**Dataset entries**
-.-.-
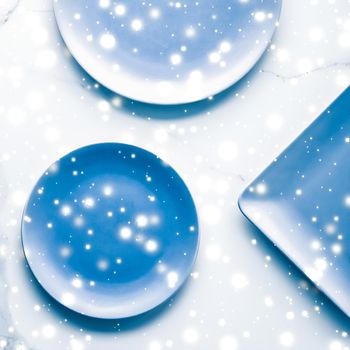 Recipe design, restaurant menu and festive decor concept - Blue empty plate on marble table flatlay background, tableware decoration for holiday dinner in Christmas time
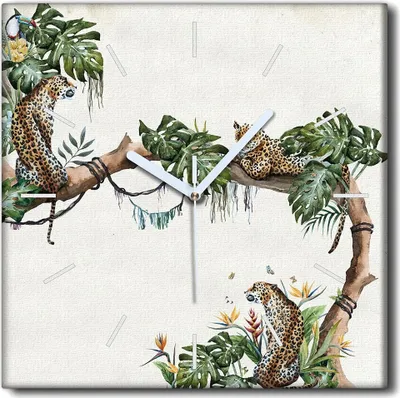 Produktbild von Coloray Uhr auf Leinwand 30x30 cm Wand Uhr Dekoration Wohnzimmer Segeltuch weiße Zeiger -GEPARD Tropics Tier.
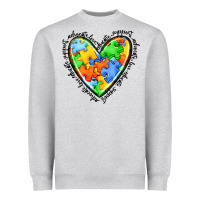 Heather Grey autism heart Heavyweight Sweatshirt - JahusDesignShop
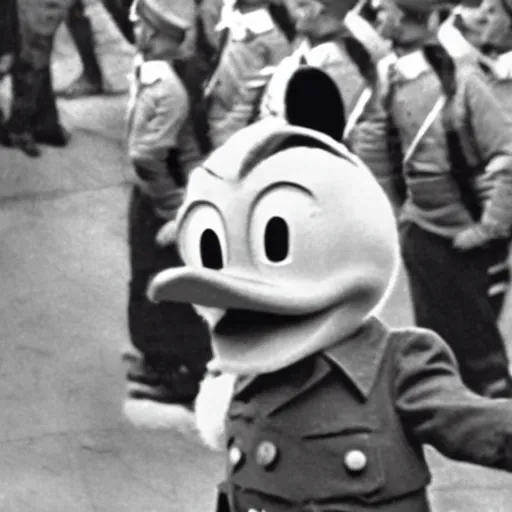 Image similar to historic colorized photograph of donald duck at a nazi parade in 1 9 3 6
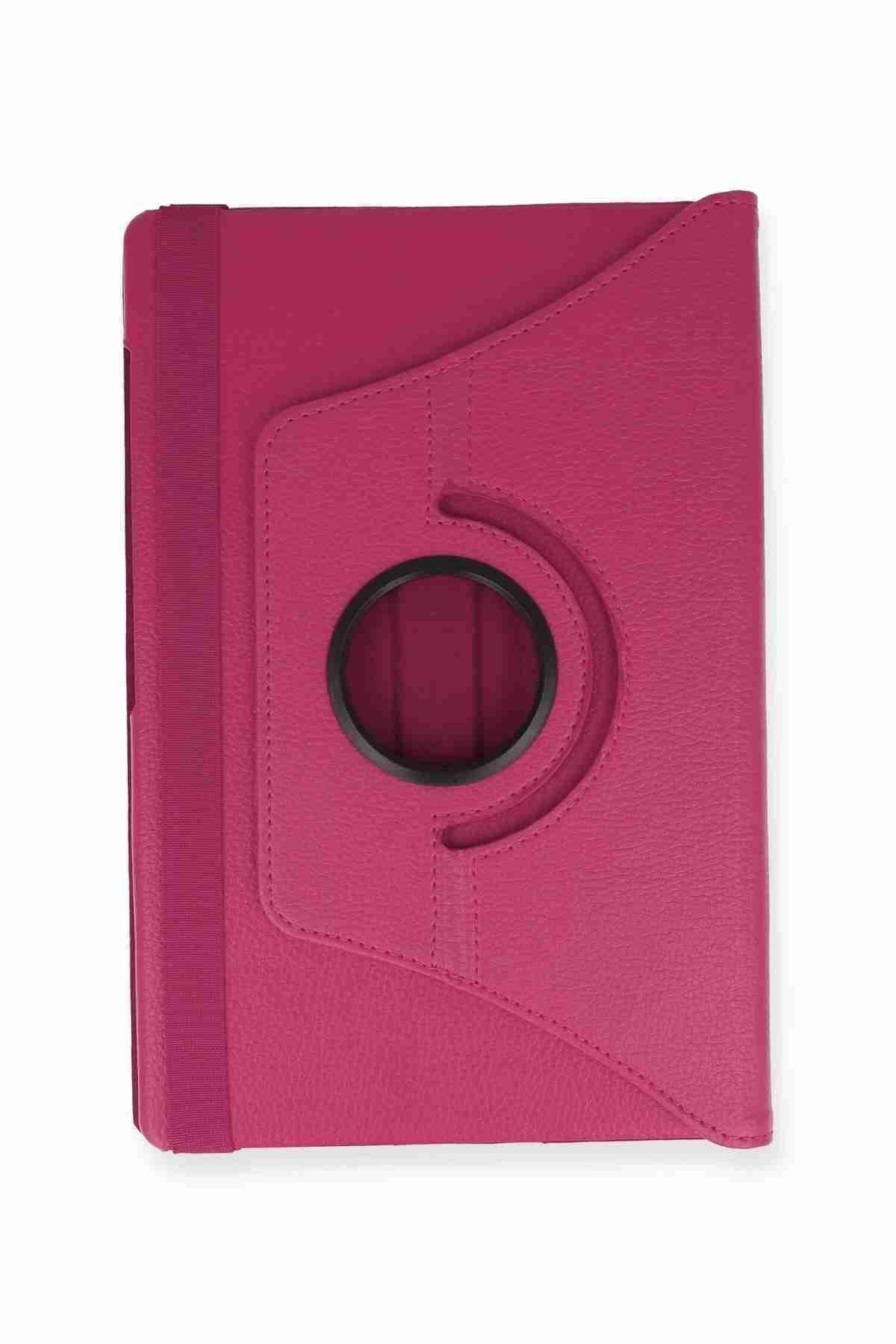 Fuchsia Tab M10 FHD Plus Uyumlu TB-X606F Standlı 360° Yatay Dikey Dönebilen Deri Tablet Kılıfı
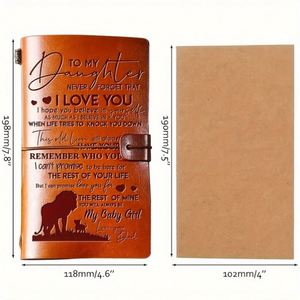 A3 Spiral Address <b>Book</b> 144 Pages University Ruled Engraved PU Leather Notebook - Product Image 2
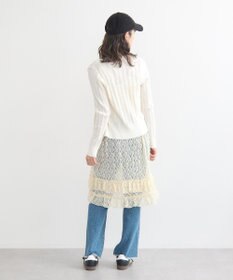 earth music&ecology シルバーボタン透かし編みニットカーディガン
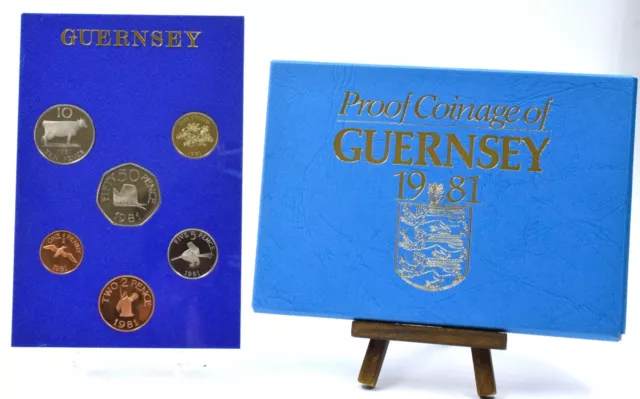 Guernsey 1981 6 Coin Proof Year Set With Cap Of Duke 50p Coin Royal Mint Rare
-.-.-
**Task details**
Print each line above exactly as it appears, excluding all images.

**Worked solution**
 Recipe design, restaurant menu and festive decor concept - Blue empty plate on marble table flatlay background, tableware decoration for holiday dinner in Christmas time
 Produktbild von Coloray Uhr auf Leinwand 30x30 cm Wand Uhr Dekoration Wohnzimmer Segeltuch weiße Zeiger -GEPARD Tropics Tier.
 Heather Grey autism heart Heavyweight Sweatshirt - JahusDesignShop
 Image similar to historic colorized photograph of donald duck at a nazi parade in 1 9 3 6
 Fuchsia Tab M10 FHD Plus Uyumlu TB-X606F Standlı 360° Yatay Dikey Dönebilen Deri Tablet Kılıfı
 A3 Spiral Address <b>Book</b> 144 Pages University Ruled Engraved PU Leather Notebook - Product Image 2
 earth music&ecology シルバーボタン透かし編みニットカーディガン
 Guernsey 1981 6 Coin Proof Year Set With Cap Of Duke 50p Coin Royal Mint Rare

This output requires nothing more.